Издалека слышались крики детей и Найя, вместо прежнего чириканья, ясно слышала через дождь детскую считалку “след на тропе, песня в голове, птица в листве, капли в синеве. Из круга пойду, грибов найду, селешке отдам, а тебе не дам!”
– Кто они? Владыки – кто? – она ждала и не видела, что краска капает с мокрой тряпки.
– Ты спрашиваешь меня? – Акут встал, подойдя, отобрал у нее узелок и стал класть новый узор, чтобы скрыть пятно.
– Кто они?
– Ты носишь на плече их знак.
Он работал молча и не оборачивался. Найя, выдвинув подбородок, осмотрела плечо, по которому вилась яркая татуированная змейка. Вспомнила рекламный щит тату-салона на пляже и, как она, подгоняемая смехом девчонок, пошла в маленький дом рядом со спасательной станцией. И там потратила все подаренные на день рождения деньги.
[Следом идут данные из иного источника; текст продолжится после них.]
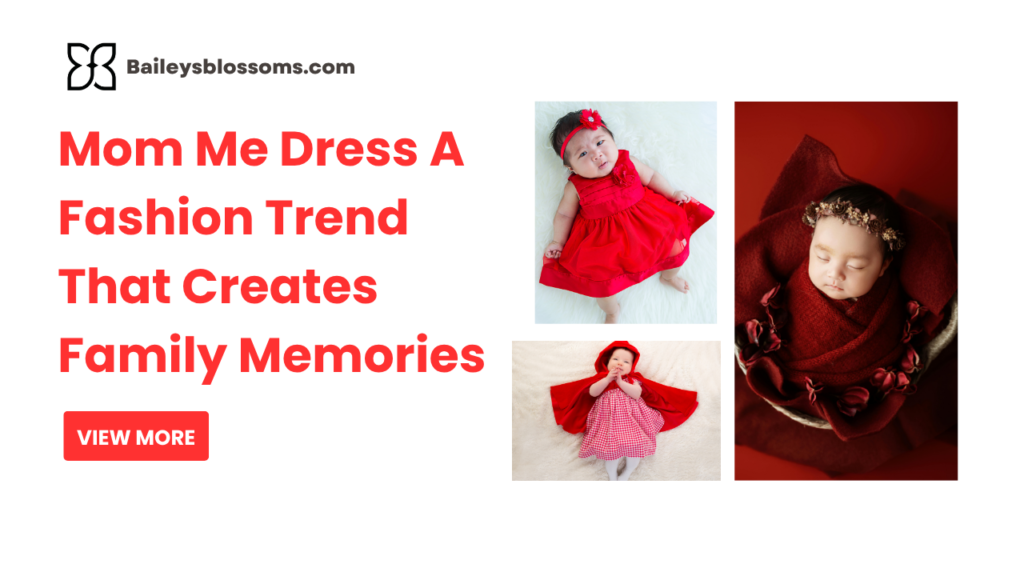 Mom Me Dress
Она хотела спросить дальше, но язык, на котором говорила, вдруг стал тяжелым и непонятным. Привычно кружилась голова. И она ушла, туда, где откинут край шкуры на мягкой циновке. Легла, закутываясь в длинный мех. Засыпая, спросила:
– Кто такая селешка?
– Селешка?
– Дети там, далеко, пели.
– А-а… Селешка – рыба, что живет в бочке с водой для питья. И вода всегда свежая. Ее кормят черным грибом.
– Теперь все. Все слова теперь. Мои…
Акут не встал. Только прислушался, как засыпает, меняя дыхание. И снова прижал мокрый от краски узелок к узорам, смело намеченным Найей. Думал о том, что пришли вопросы, которых он боится. А она нет. Потому что не знает пока ответов.